I looked into this further, apparently the biggest culprit is that you get a top-level checkout of the nixpkgs repo. And that’s 190MB out of the 270MB for a base install.
glibc is 32MB
nixexprs is 15MB
everything else is under 10MB and seems necessary for nix to work correctly.
If we wanted to improve this, we would have to “trim some fat” from the repo.
It seems to me that the download will grow arbitrarily large as nixpkgs and nix gain in popularity. I wonder if some ideas from the Unison project (https://www.unisonweb.org/ and https://www.youtube.com/watch?v=gCWtkvDQ2ZI) might be worth considering as nix is inevitably forced to scale.
The gist of it is that code is content-addressed along with everything else. For nixpkgs this could mean that users only need to download the AST version of all-packages.nix to start and then lazily download the Nix expressions for packages that all-packages.nix points to as necessary. Because everything is content-addressed this means just-enough downloads for the user and a very easy storage/replication for hosting the nixpkgs data.

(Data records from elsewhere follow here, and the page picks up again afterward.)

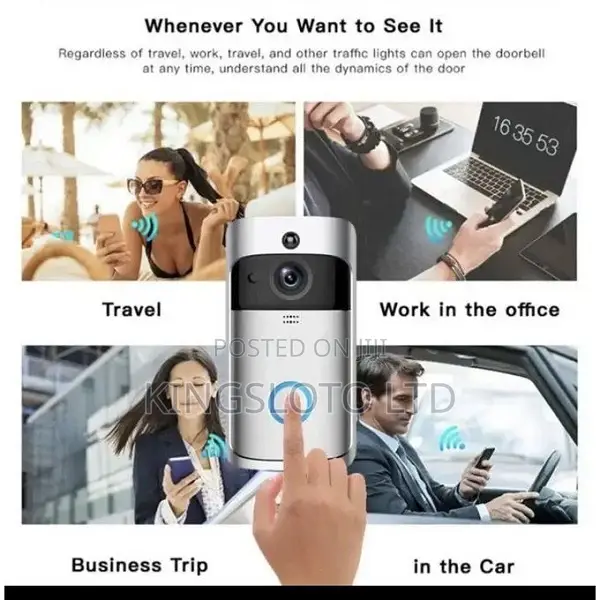 Smart Wifi Video Doorbell Wireless Alarm System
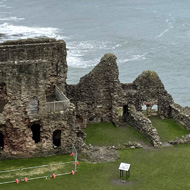 View from castle ruins on a coast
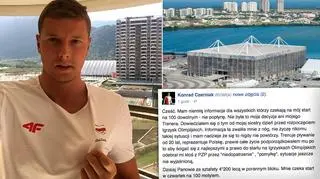Konrad Czerniak popłynie tylko na 100 m motylem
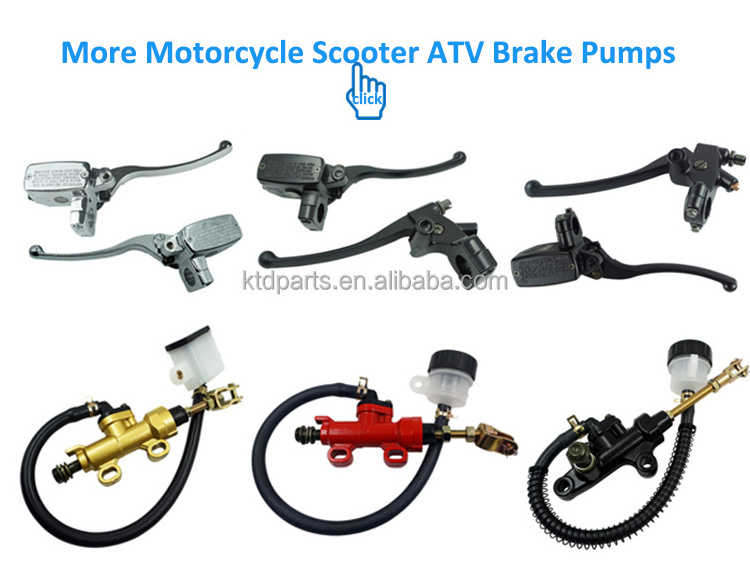 KTD Dirt Bike Off Road ATV Universal Motorcycle Rear Foot Hydraulic Clutch Master Cylinder Caliper Brake Pump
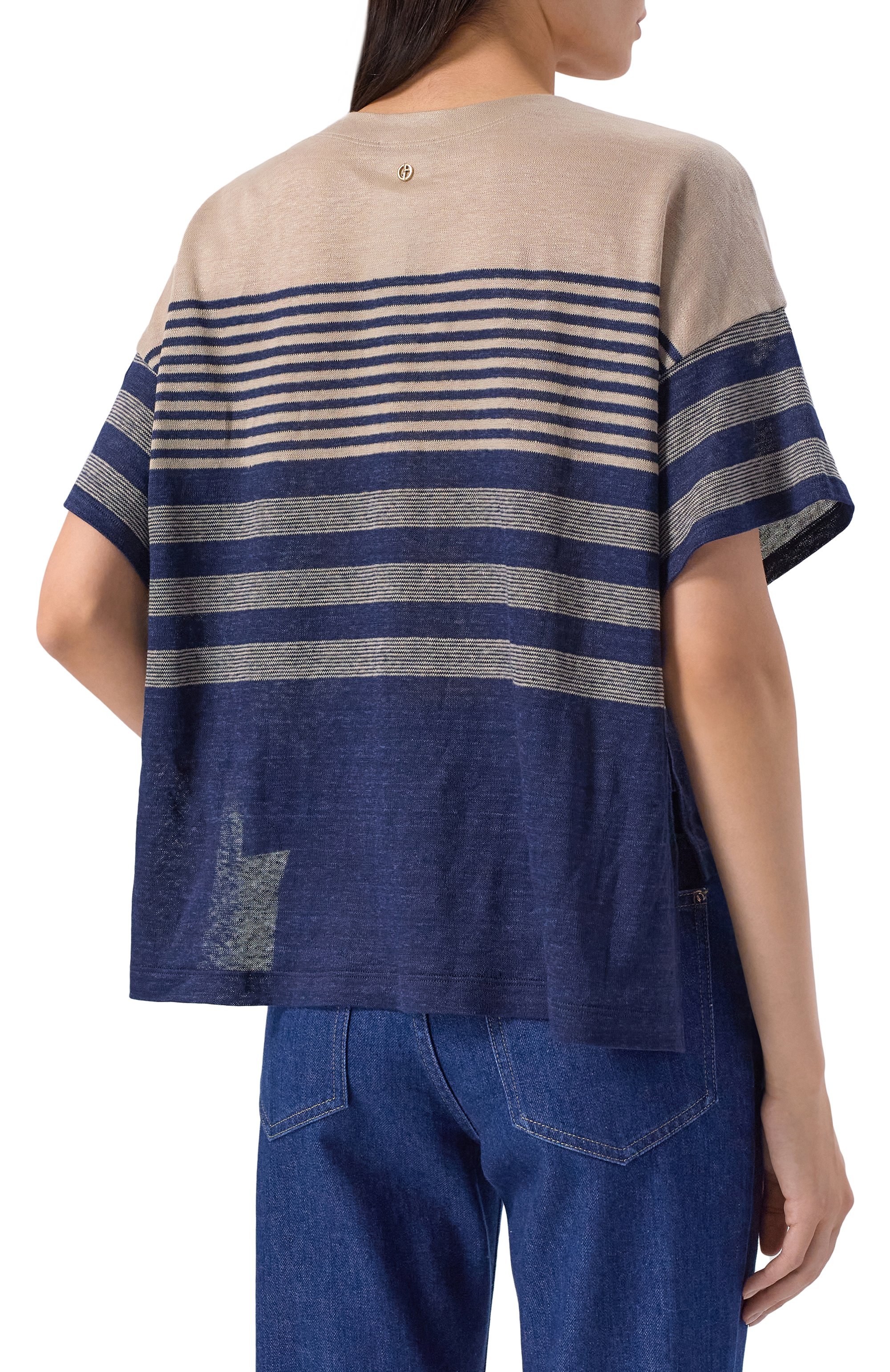 Льняная футболка GIORGIO ARMANI, арт. GW003264/AF24984, фото 4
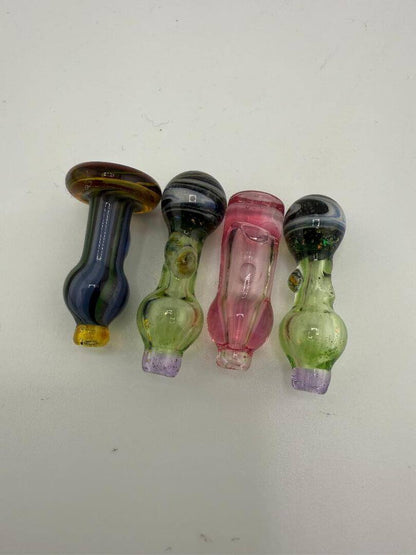 Colorful handcrafted glass pieces for Puffco Proxy, designed for an enhanced dabbing experience.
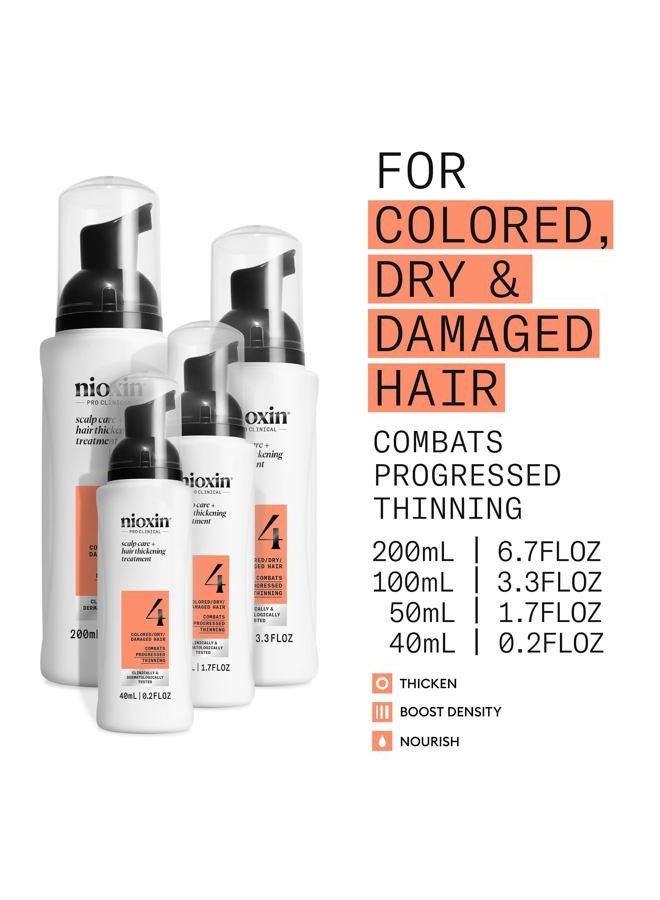 Nioxin System 4 Scalp Care + Hair Thickening Leave-In Treatment | For Colored, Dry, & Damaged Hair with Progressed Thinning | Nourish & Boost Hair Density with Niacinamide & Biotin | 6.8 Fl Oz - Image 4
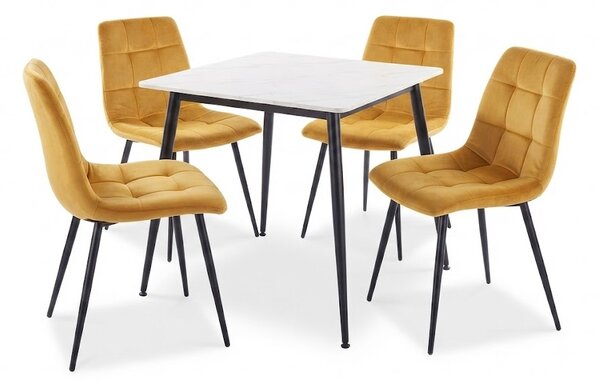 PROFI jedálenský set stôl RION 80 + 4x stolička MILA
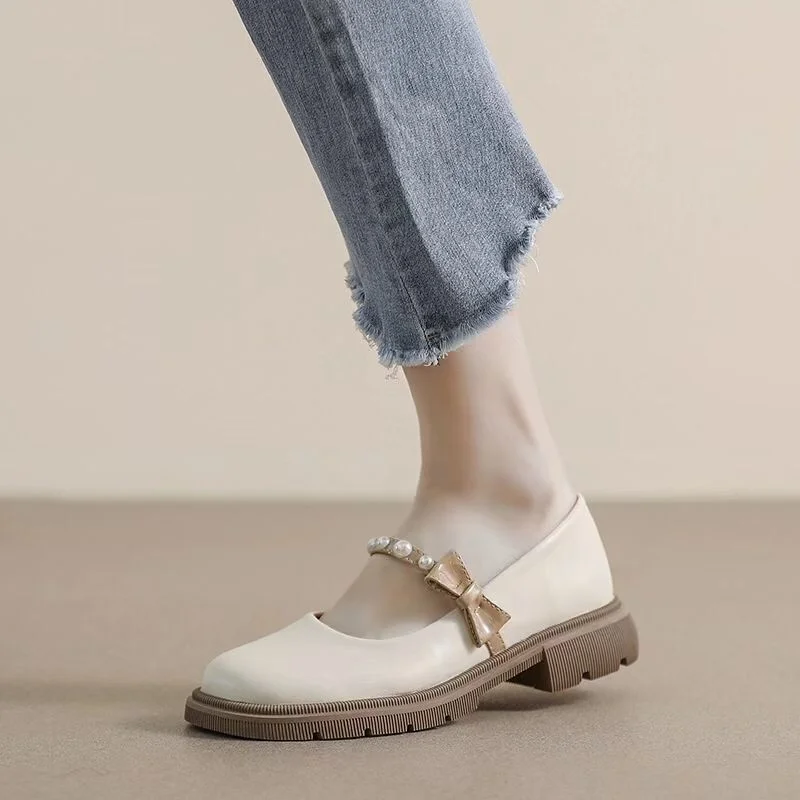 Woman Shoes Mary Janes Elegant Luxury Kawaii Dress Pumps Casual Comfortable New In Medium Heel Bow Heels Girls Shoe Pearl Spring
Woman Shoes Mary Janes Elegant Luxury Kawaii Dress Pumps Casual Comfortable New In Medium Heel Bow Heels Girls Shoe Pearl Spring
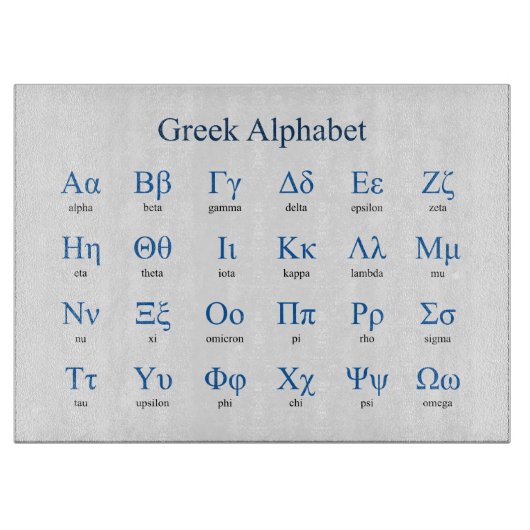Planche À Découper Alphabet grec (Devant)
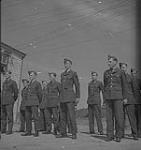 RCAF, service men standing at attention  [entre 1939-1951].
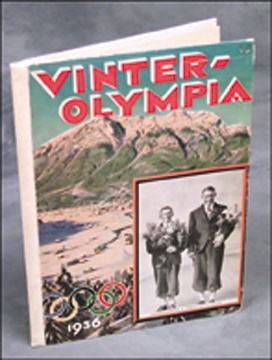 - Scarce 1936 Olympic Cigarette Card Album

some package are being removed, but definitely not at the rate in which they are being added.
I think eventually many things will be transferred over to flakes, in which you can opt-in to different ecosystems. And maybe nixpkgs will be slimmed down in size
Yes I know. I was asking @rickynils since he’s one of the dev of the other one, and I was wondering if his has some nice features that the cachix one doesn’t have.
I’d really like to get to a point where we can have an official GitHub Action to install Nix, or better yet just get Nix into the VM images. That way we can avoid this headache of figuring out the differences between a bunch of unofficial options.
The main motivation behind this action is to install Nix as quickly as possible in your GitHub workflow. If that isn’t important, you should probably use the Install Nix action instead, which sets up Nix in multi-user mode (daemon mode) using the official Nix installer.
It’d be interesting to find out, if anyone knows someone, what criteria GH uses, here.
I think it’s also good to know who does the work and how it would be maintained. And game out a bit what would need to happen if they weren’t keeping up with it.
Some context on why I think these are important: I’m picking at an unofficial replacement for the community-maintained Travis-CI Nix support (aside: I could use a little help here on well-defined small tasks–message if interested), which should be a stepping stone to asking Travis-CI to remove the semi-official support (and hoping they comply, and hoping the deprecation is smooth…). I’m doing this because the update process is so clunky that no one really seems to want to deal with it, but I think it’s a community-/dev-relations problem to just let the semi-official support rot (and it does, unless your project pins Nixpkgs).
Having Nix in the images would be great, as long as it’s going to keep working. If we have serious questions about that, though, there are advantages to having some form of ownership.
I don’t see it as bad, yet, but I am a little worried about ending up with too many CI flows with too much feature drift between them. Features are great, and experimenting to find improvements is also great, but choices also make it harder to onboard people, and feature drift also increases the switching costs.